:: WORK REQUEST ::
Restate exactly, and only, the lines from the one with "carpeted empty room with beamed ceiling" through the end of the data, with both of those end lines kept. Drop any pictures.

--- SOURCE MATERIAL Enclosed Below ---

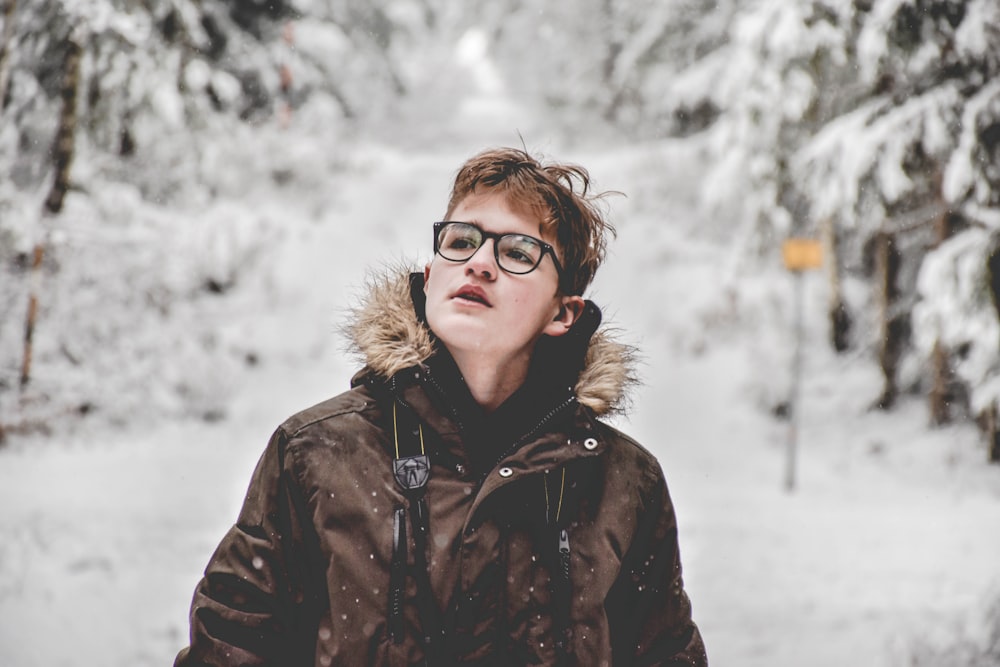 man wearing black hooded jacket standing near tall trees covered in snow during daytime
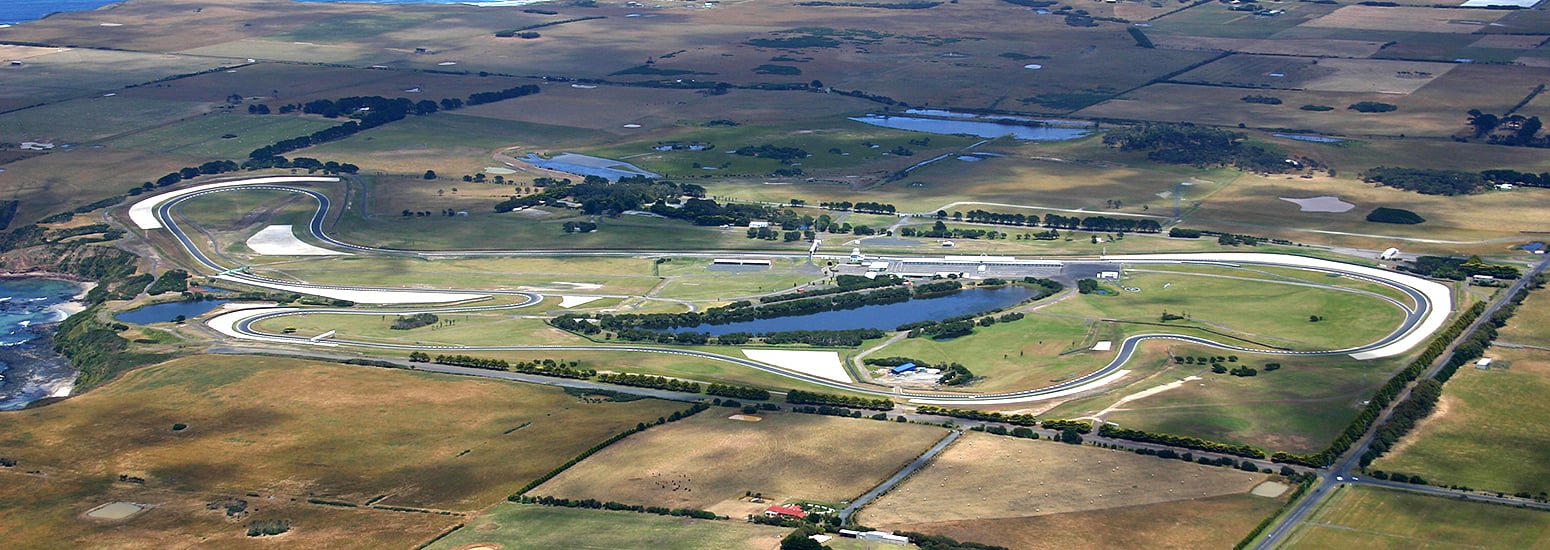 Aerial view of Phillip Island Grand Prix Circuit in Victoria, Australia, featuring winding motorbike racing track surrounded by lush greenery - showcasing comprehensive motorcycle insurance, motorbike insurance quotes, and QBE’s trusted insurance for motorcycles across Australia.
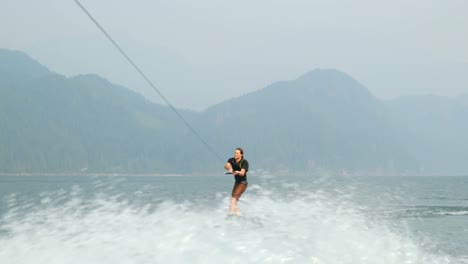 front view of caucasian young man doing tricks on wakeboard in the city river 4k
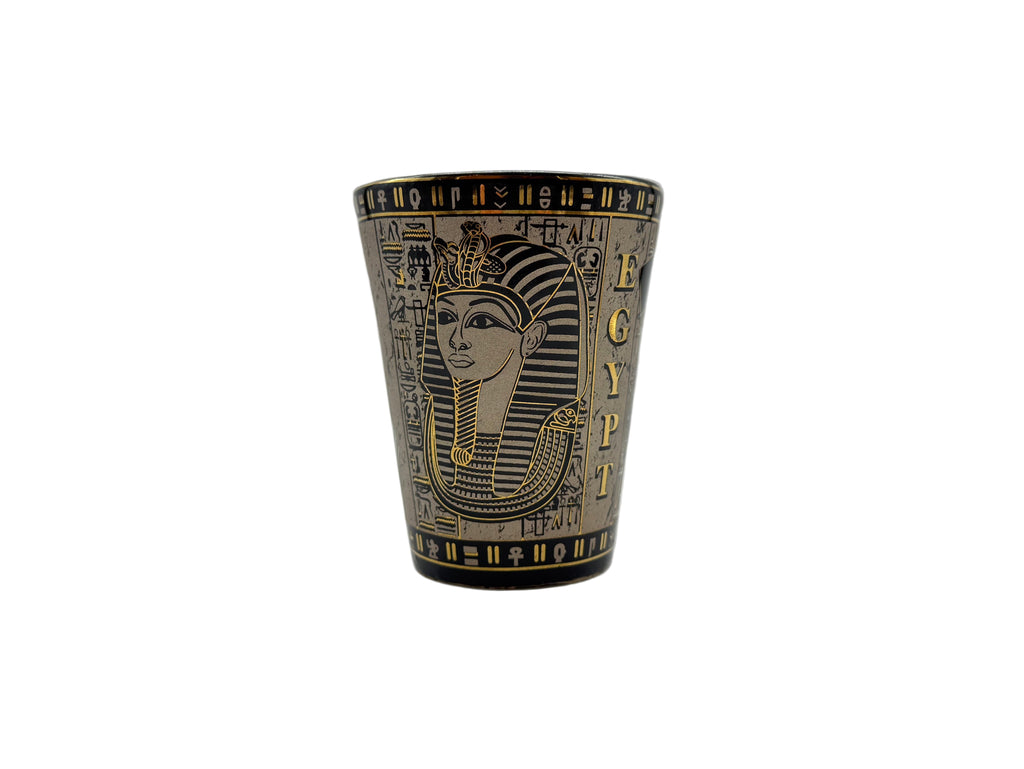 Porcelain mug with Egyptian pharaoh design and hieroglyphics in bronze and gold.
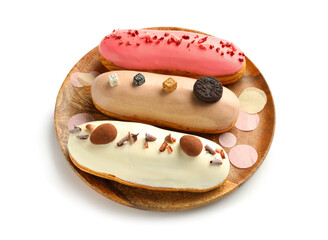 Plate with various glazed eclairs isolated on white background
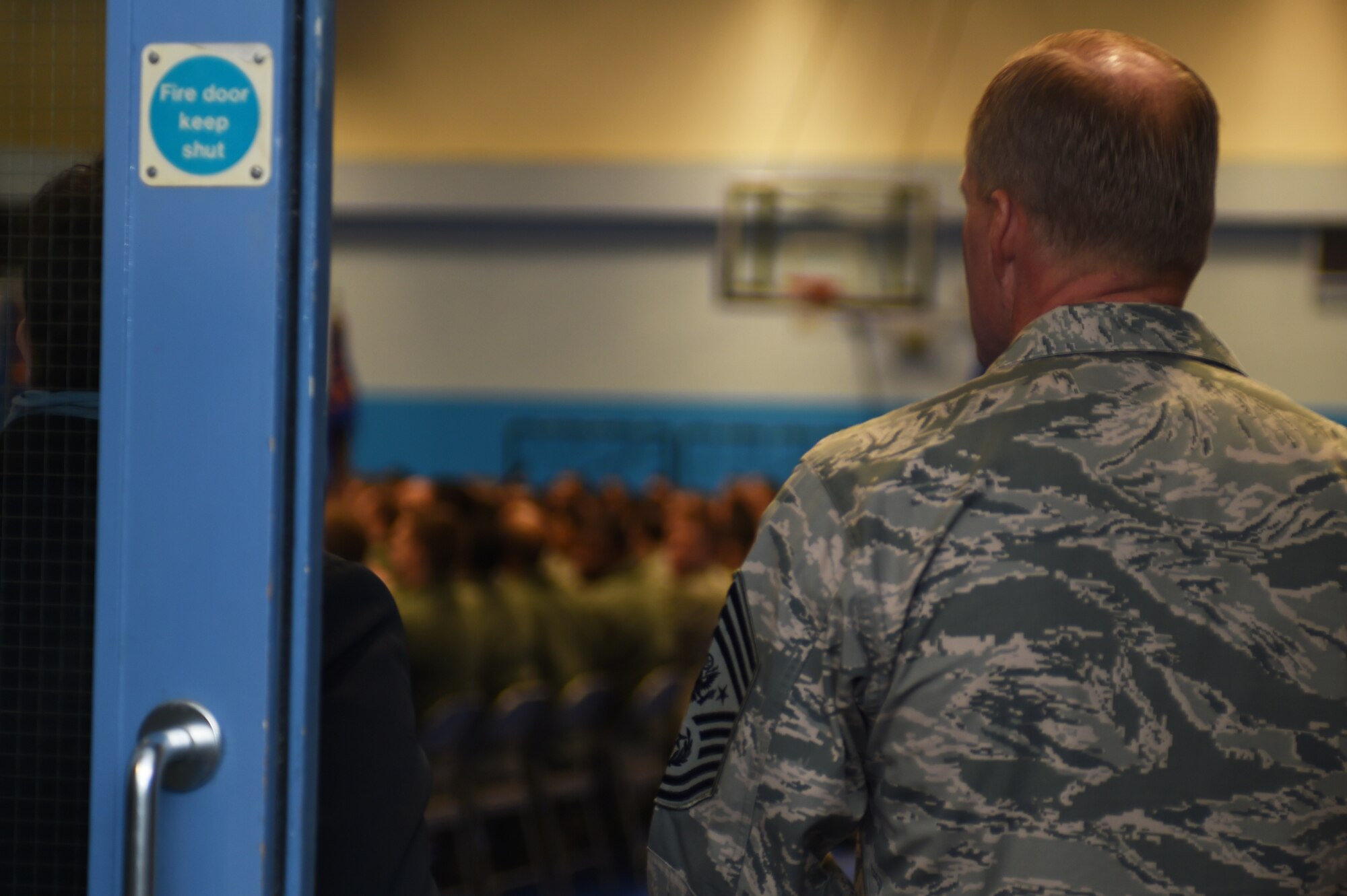 Chief Master Sgt. of the Air Force James A. Cody enters the gymnasium at RAF Croughton, England, prior to holding an all-call with Airmen, Jan. 28, 2015. Cody spoke on several topics pertaining to the U.S. Air Force, before taking questions from Airmen. (U.S. Air Force photo by Staff Sgt. Jarad A. Denton/Released)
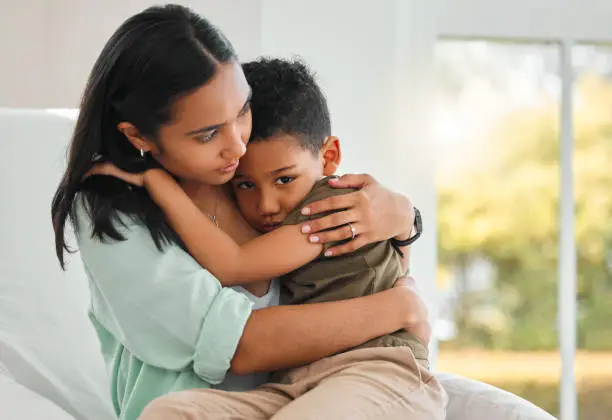 Photo of Shot of a young mother holding her sick little boy at home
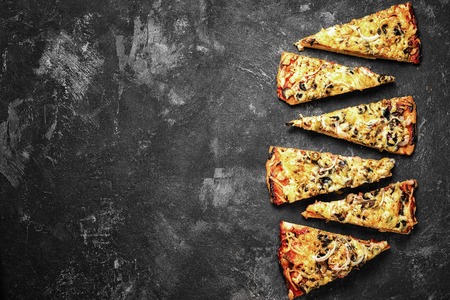 pizza pieces lying on the faded textural dark black background in a row, copy space for your menu...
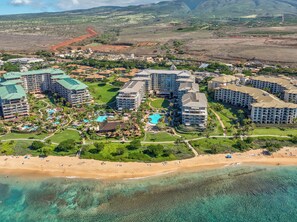 A resort with multiple buildings, a central pool, and a beach.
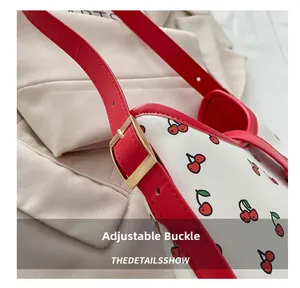 Detail of adjustable red leather strap with gold metal buckle on cherry pattern bag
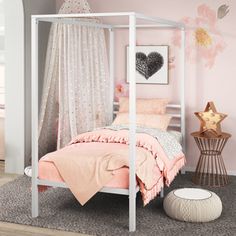 Add a touch of elegance to your bedroom with our Patricia canopy bed—without costing you an arm and a leg. This platform bed frame will stand out and be the centerpiece of your room with its beautiful color, combining old-school glamour aesthetics with a modern structure. Sturdy and well-refined, this tall platform bed features a thick steel canopy frame with a matte finish that brightens any room with ease. In addition to being beautifully crafted, this solid frame is equipped with metal slats Canopy Bed Twin, White Canopy Bed, Beds Twin, Chic Bedding Sets, Metal Canopy Bed, Canopy Beds, Canopy Bed Frame, Bed Twin, The Land Of Nod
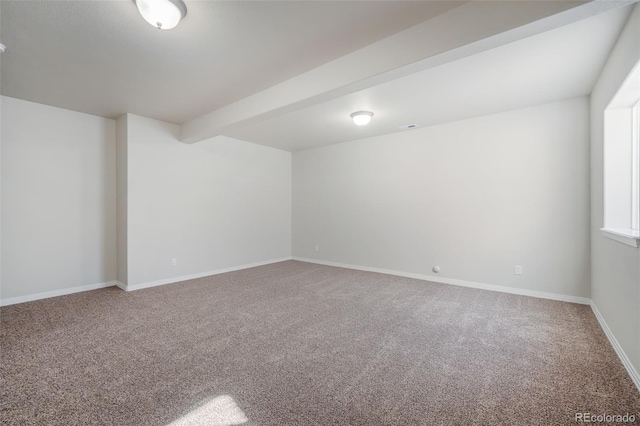 carpeted empty room with beamed ceiling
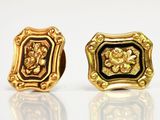 paire de boucles d'oreilles dorées et émaillées de noir, rehaussées de touches dorées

--- End of Enclosed SOURCE MATERIAL ---

:: EXERCISE ANSWER ::
 carpeted empty room with beamed ceiling
 paire de boucles d'oreilles dorées et émaillées de noir, rehaussées de touches dorées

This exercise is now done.